Latsko did so, according to the lawsuit, because he and Aspen developer Mark Hunt were involved with Wilson in the acquisition in Chicago of “close to 10 properties before the Hotel Jerome.”


On the Jerome deal, however, Latsko alleges that Wilson attempted to freeze him out of the transactions and entities formed to take over ownership and management.


“This was a real estate deal that hasn’t been closed to my client’s liking,” Ferguson said.


Along with Wilson, one of the defendants in the lawsuit is Jerome Property LLC, which Latsko claims Wilson formed to act as the purchasing entity of the senior mortgage loan on the hotel.


For that arrangement, formed in July 2009, Hunt and Latsko would own 40 percent, and Wilson 60 percent, in Jerome Property LLC, the lawsuit says. The entity acquired the loan and soon foreclosed on it after the previous owner, LCP-Elysian Aspen Owner, allegedly defaulted (LCP-Elysian Aspen Owner fought the allegation but reached a settlement with Jerome Property LLC, according to records in Pitkin County District Court).


A message left with the Aspen attorney Maria Morrow, who represents Jerome Property LLC, was not returned.


In its attempt to stymie the foreclosure, LCP-Elysian Aspen Owner acknowledged in a court filing that “Latsko negotiated Jerome Property’s purchase of the mortgage loan,” Ferguson wrote.


Instead of the $75 million purchase price in 2008, Latsko was now poised to buy the Jerome for $29 million, the lawsuit says.


As such, he spent $50,000 to $100,000 working with designers on renovation plans for the hotel, and also approached former Jerome general manager Tony DiLucia, who agreed to return to that role.
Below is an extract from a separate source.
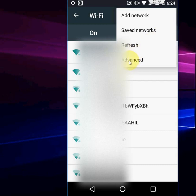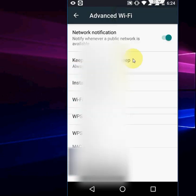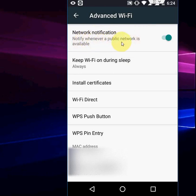Then go to Advanced, or if you find a Settings option, click on that. Just turn off the option that says 'Network notification' — 'Notify me whenever a public network is available.' Just turn that off and that's it.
DiLucia remains general manager.


But by 2012, Latsko was having trouble even getting a free stay at the Jerome, the lawsuit says, with Latsko telling an ownership official, “I didn’t realize that as an owner I was going to be charged.”


The claims in the lawsuit include breaches of contract and the implied covenant of good faith and fair dealing. Latsko also is seeking a declaratory judgment determining that he owns a 40 percent share “in any and all entities” that own the Hotel Jerome.